Elián González is held in a closet by Donato Dalrymple, right, as government officials search the home of Lázaro González for the young boy on April 22, 2000.
Elián González is held in a closet by Donato Dalrymple, right, as government officials search the home of Lázaro González for the young boy on April 22, 2000. AP

Late at night on Good Friday a decade and a half ago, Jeb Bush was glued to his email.

The nation was gripped with the saga of a 6-year-old boy in Miami named Elián González. People like Cindy Kucharski were so upset over Elián’s imminent return to his father in communist Cuba that she sent an email titled, “Pontius Clinton Washes his hands & Leaves Elian Case To Reno,” referring to President Bill Clinton and U.S. Attorney General Janet Reno.

“I have a real sense of dread for what this administration will do to this little boy. We need to be prayerful this weekend,” Kucharski wrote.

It was 10:58 p.m. on April 21, 2000. Seven minutes later, the governor of Florida weighed in.

“I don’t believe that the feds will take the child this weekend,” Bush wrote, signing off simply as “Jeb.”

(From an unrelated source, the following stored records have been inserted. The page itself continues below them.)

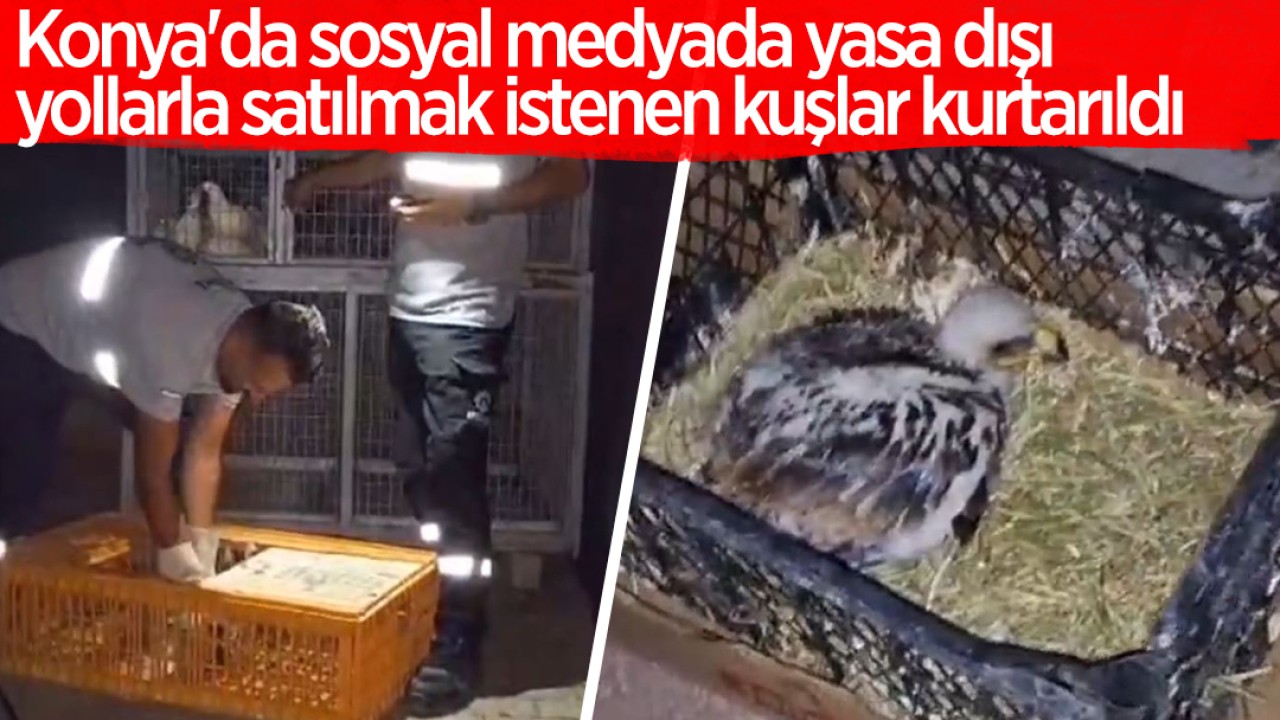 Konya’da sosyal medyada yasa dışı yollarla satılmak istenen kuşlar kurtarıldı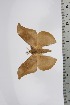  ( - BC-TB4590)  @12 [ ] Copyright (2010) Unspecified Research Collection of Thierry Bouyer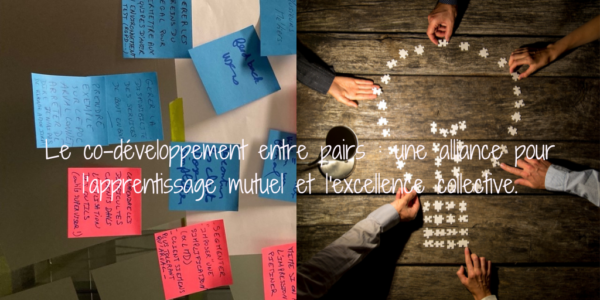 Le co développement pour booster vos organisations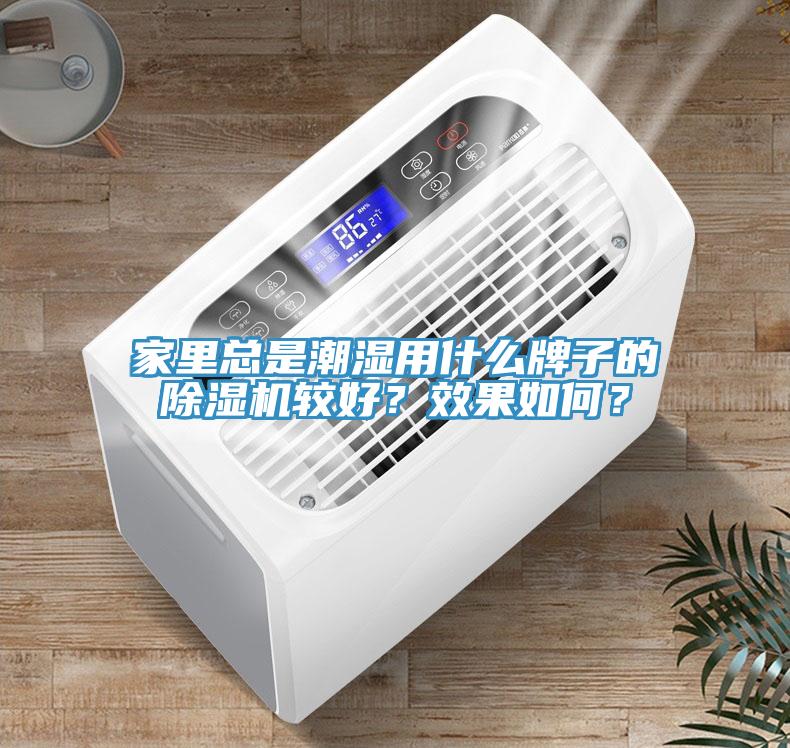 家里總是潮濕用什么牌子的除濕機較好？效果如何？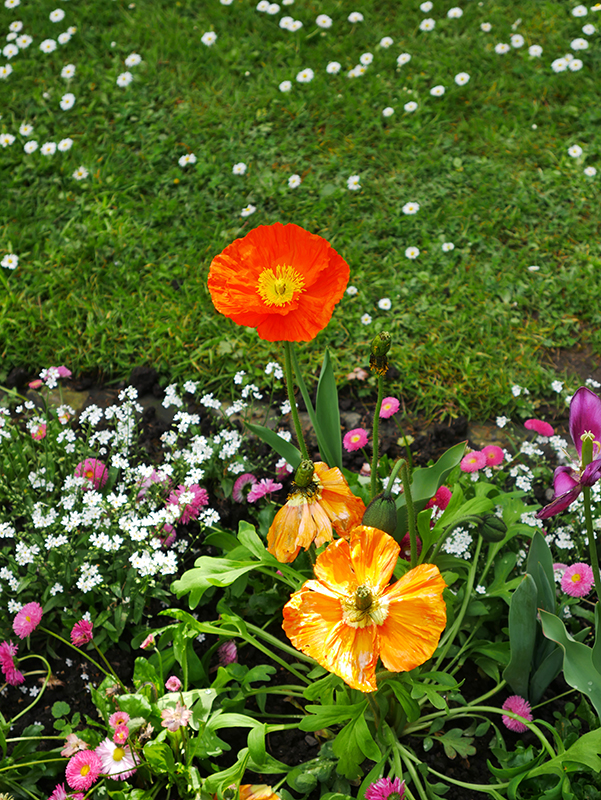 Blumen auf Siebenbergen
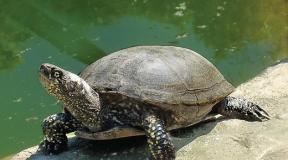 Tortuga: un reptil antiguo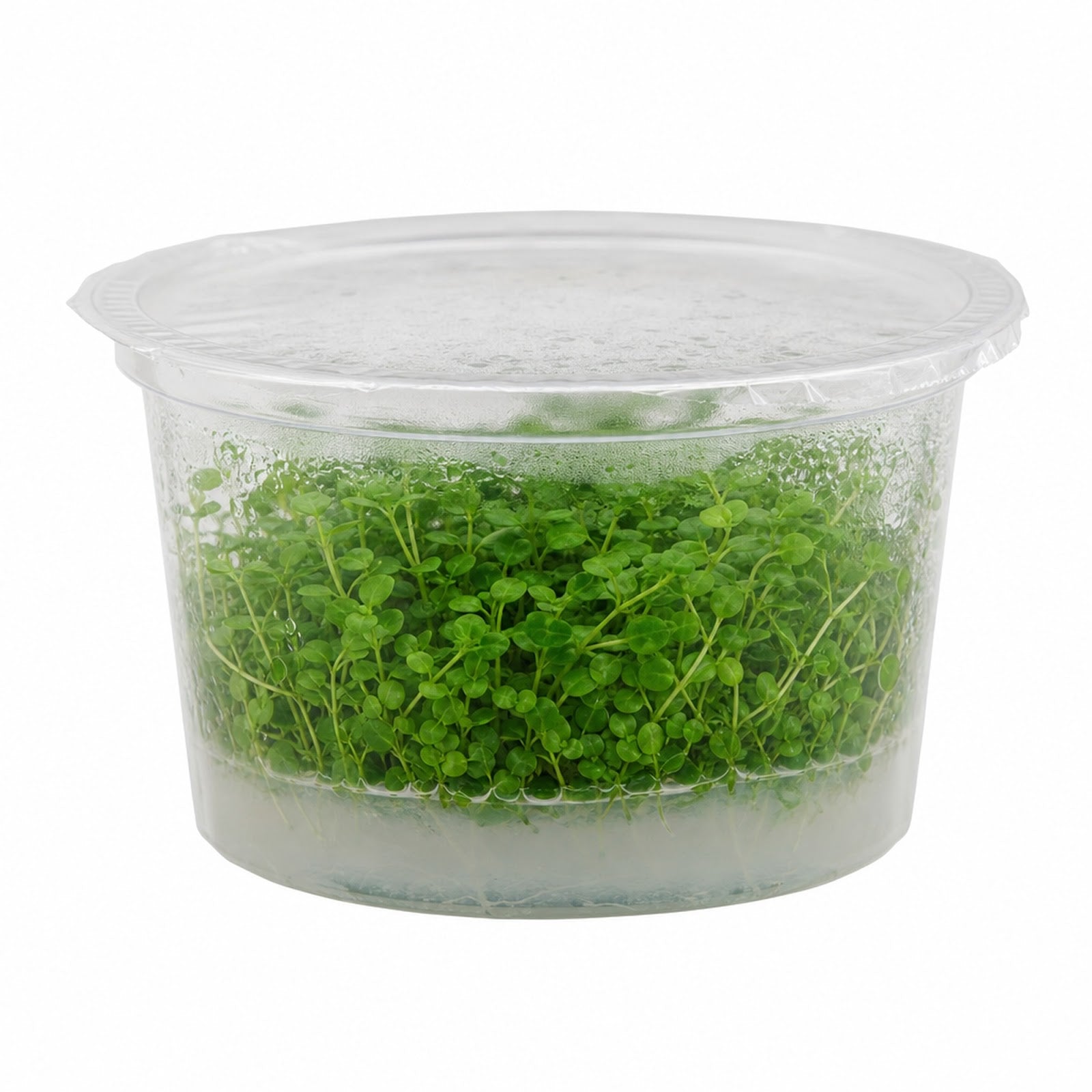 Micranthemum Monte Carlo Tissue Culture Aquarium Plant In Vitro Pest Free - Live aquarium plant from Canton Aquatics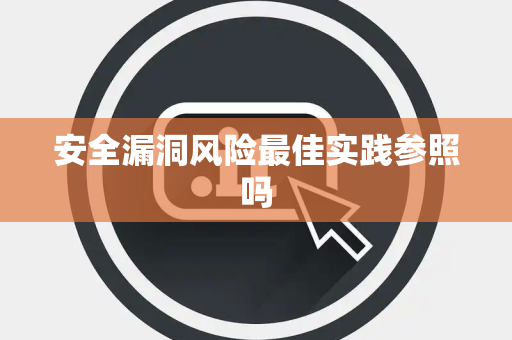 安全漏洞风险最佳实践参照吗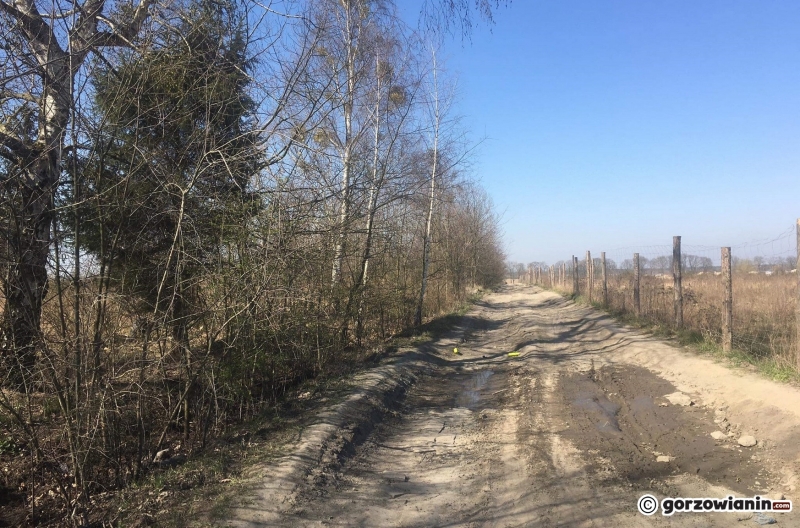 5/5 Śmieci na Gorzowskich Murawach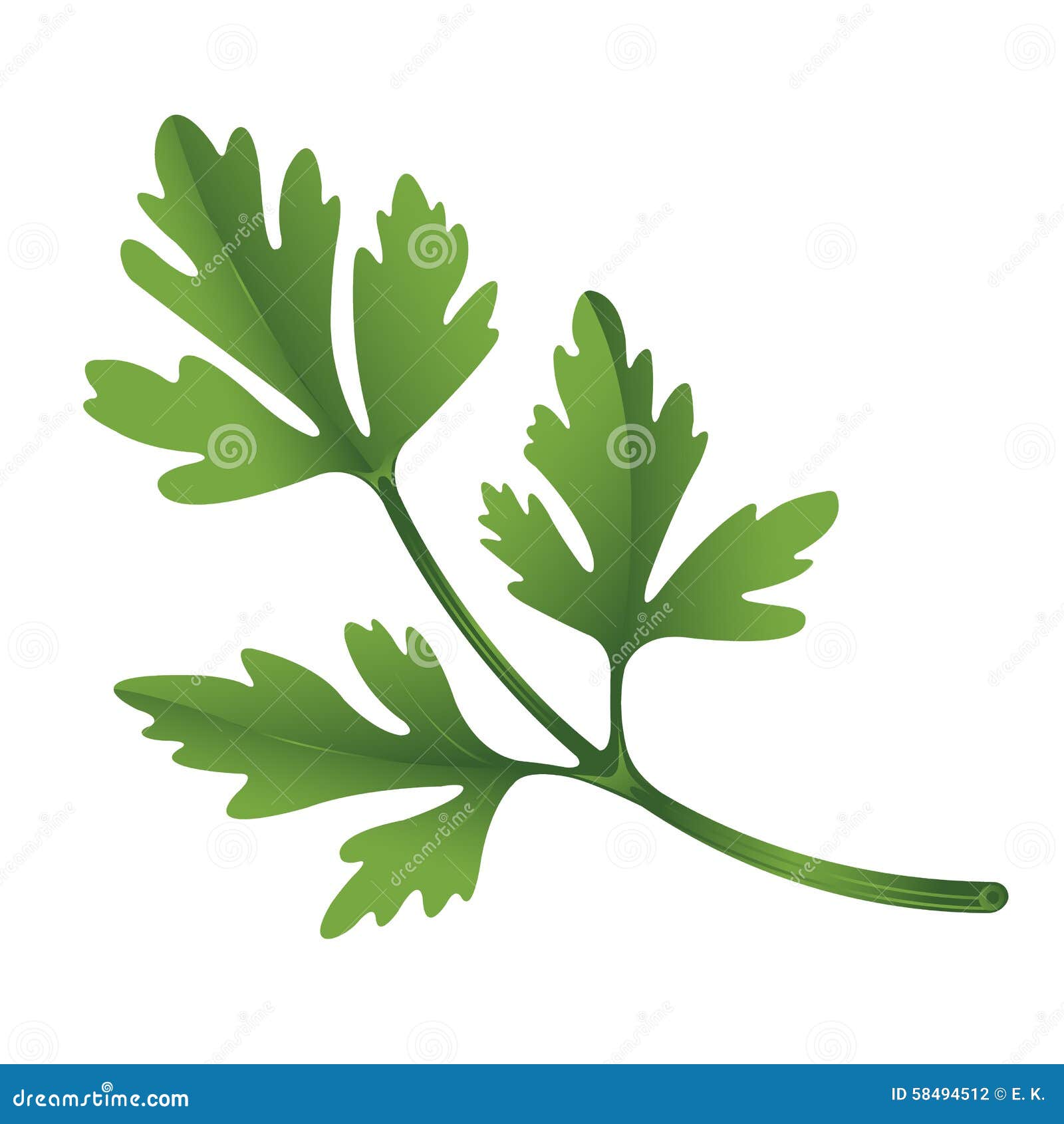 Illustration of parsley stock vector. Illustration of medicinal 58494512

He was wrong. The feds seized Elián shortly after 5 a.m. the next day. Armed with automatic weapons, they took the boy from the Little Havana home where he had been staying with relatives. Bush, who had stayed up emailing until around 3:30 a.m., was stunned.

Fifteen years later, the Elián González case offers a portrait of Jeb Bush — now a likely presidential candidate — managing one of his first crises in office. Barely a year into his first term, Bush was forced to straddle two worlds: his community, full of passionate Cuban exiles refusing to send young Elián back to Fidel Castro’s Communist regime, and the federal government, caught in a diplomatic flap over an international family-custody battle.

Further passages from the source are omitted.